The aligned Large Language Models (LLMs) are powerful language understanding and decision-making tools that are created through extensive alignment with human feedback. However, these large models remain susceptible to jailbreak attacks, where adversaries manipulate prompts to elicit malicious outputs that should not be given by aligned LLMs. Investigating jailbreak prompts can lead us to delve into the limitations of LLMs and further guide us to secure them. Unfortunately, existing jailbreak techniques suffer from either (1) scalability issues, where attacks heavily rely on manual crafting of prompts, or (2) stealthiness problems, as attacks depend on token-based algorithms to generate prompts that are often semantically meaningless, making them susceptible to detection through basic perplexity testing.

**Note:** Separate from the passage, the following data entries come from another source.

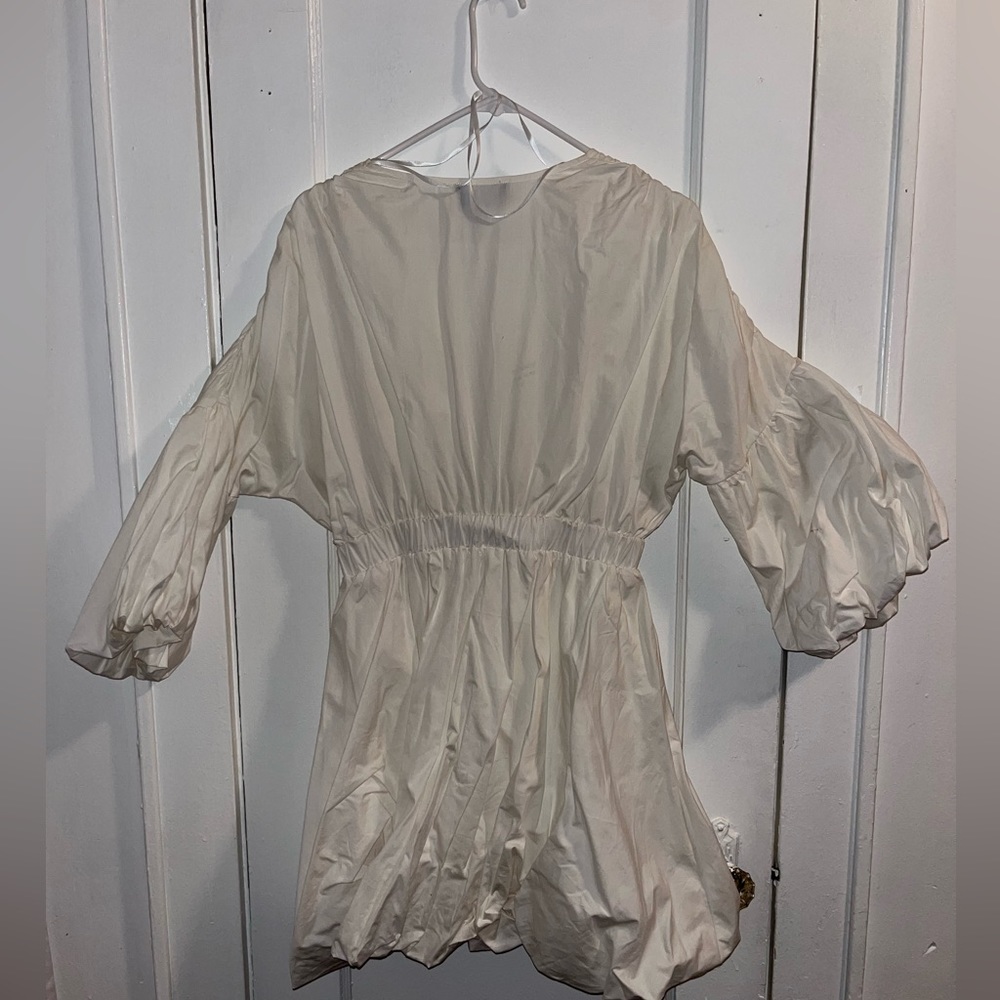 White puff dress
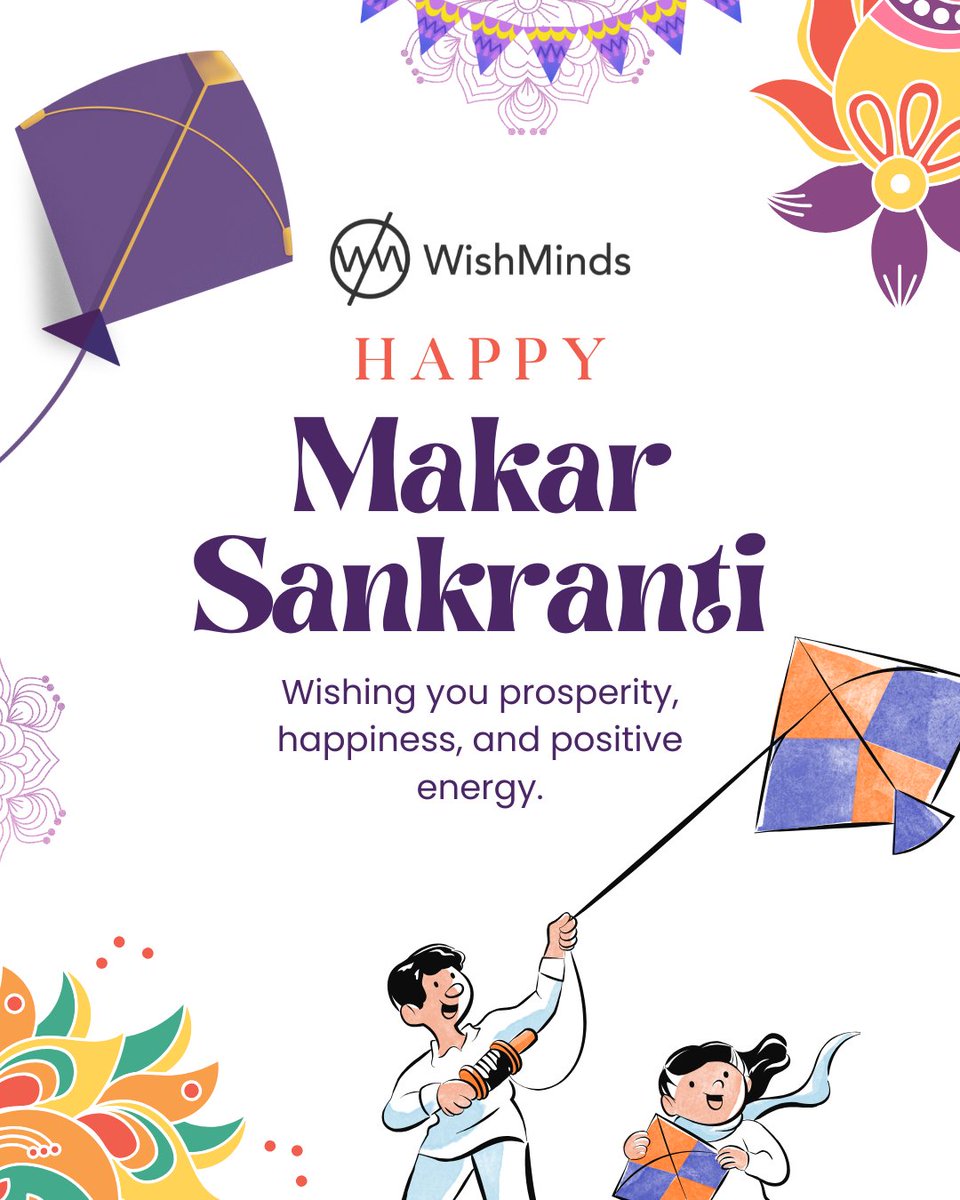 As the kites rise, may your hopes and happiness rise even higher 🪁✨
Wishing you a joyful and prosperous Makar Sankranti!

#MakarSankranti #HappySankranti #FlyHigh #PositiveEnergy #FestiveVibes #IndianCulture #CelebrationTime #WishMindsGreetings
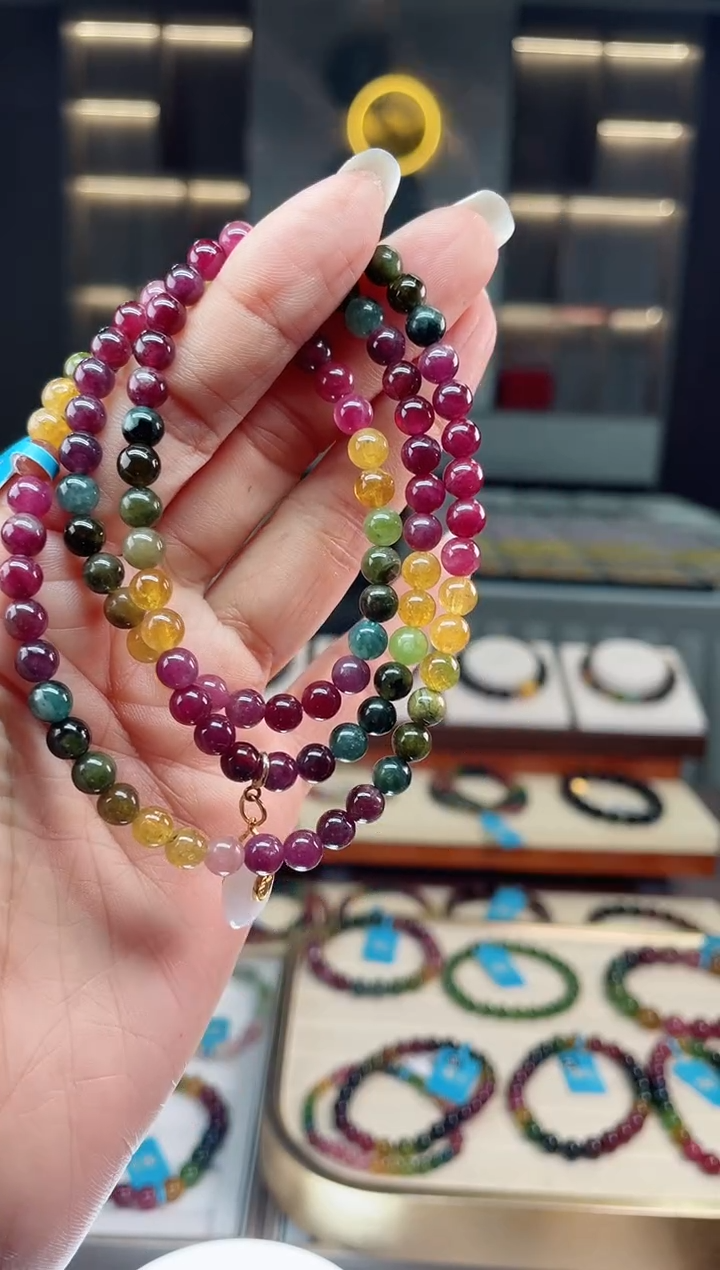 【闪购商品】碧玺三圈手串未镶嵌（多样性发一条）Q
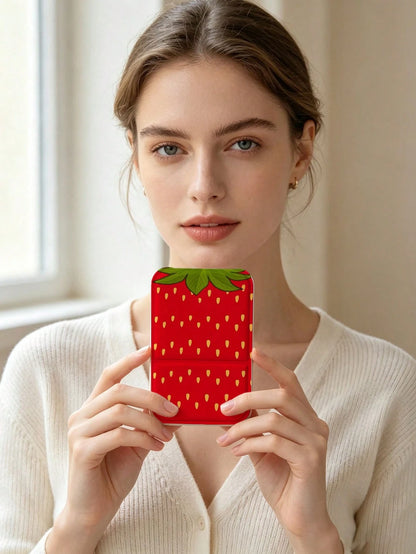 Cute Fruit Pattern Foldable Portable Makeup Mirror, 180° Adjustable Stand Desktop Small Mirror, Portable Flip Cover Scratch-Resistant High-Definition Makeup Mirror, Pineapple Strawberry Fresh Style Po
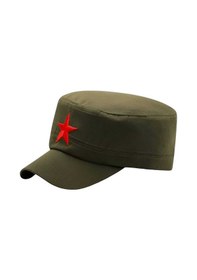 Resim Tezzgelsin Unisex Castro Kızıl Yıldız Arkadan Ayarlanabilir Şapka Haki 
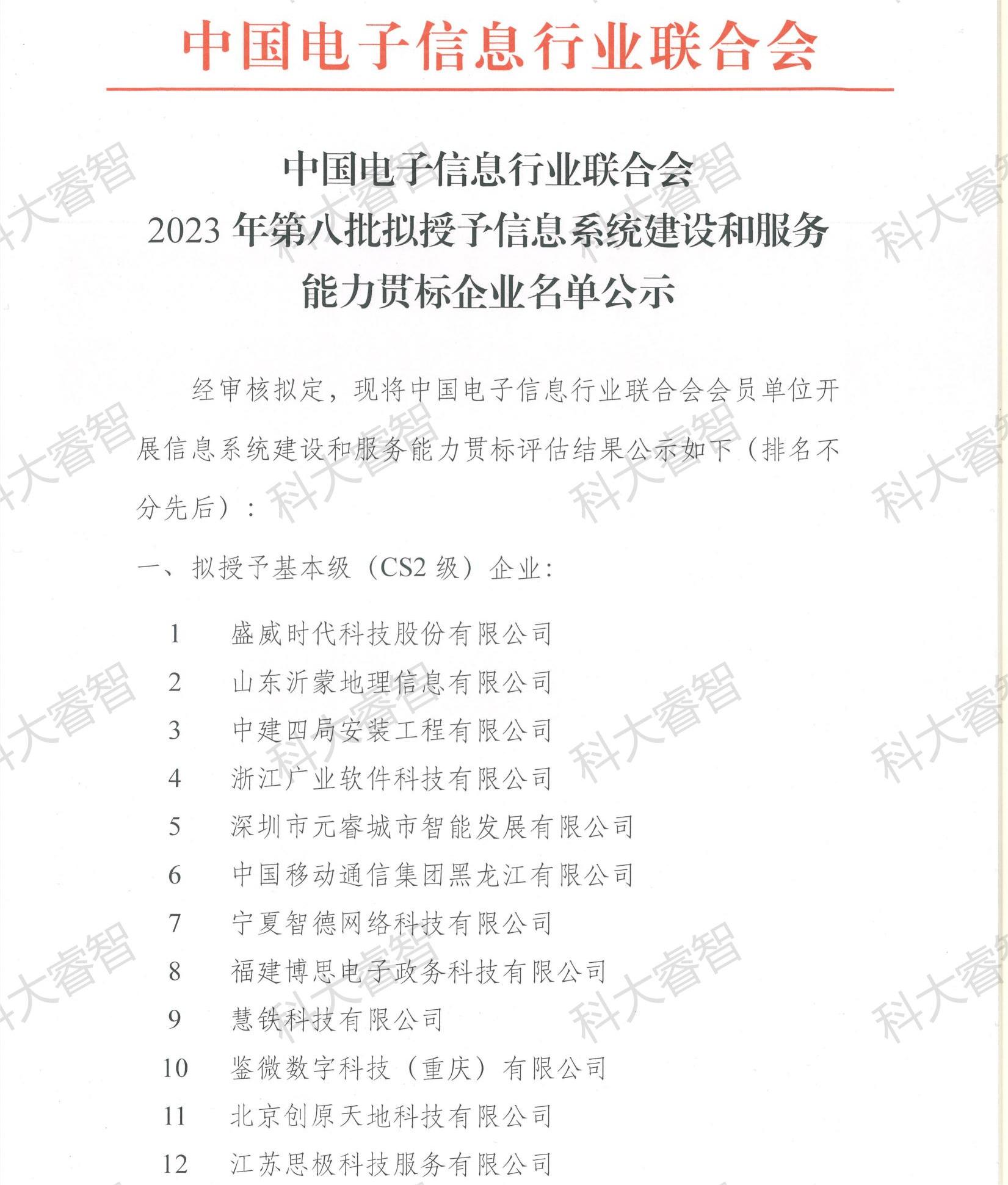 科大睿智祝賀企業(yè)上榜2023年第八批CS資質(zhì)公示名單-青島CS咨詢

In light of these challenges, we intend to answer this question: Can we develop an approach that can automatically generate stealthy jailbreak prompts? In this paper, we introduce AutoDAN, a novel jailbreak attack against aligned LLMs. AutoDAN can automatically generate stealthy jailbreak prompts by the carefully designed hierarchical genetic algorithm. Extensive evaluations demonstrate that AutoDAN not only automates the process while preserving semantic meaningfulness, but also demonstrates superior attack strength in cross-model transferability, and cross-sample universality compared with the baseline. Moreover, we also compare AutoDAN with perplexity-based defense methods and show that AutoDAN can bypass them effectively.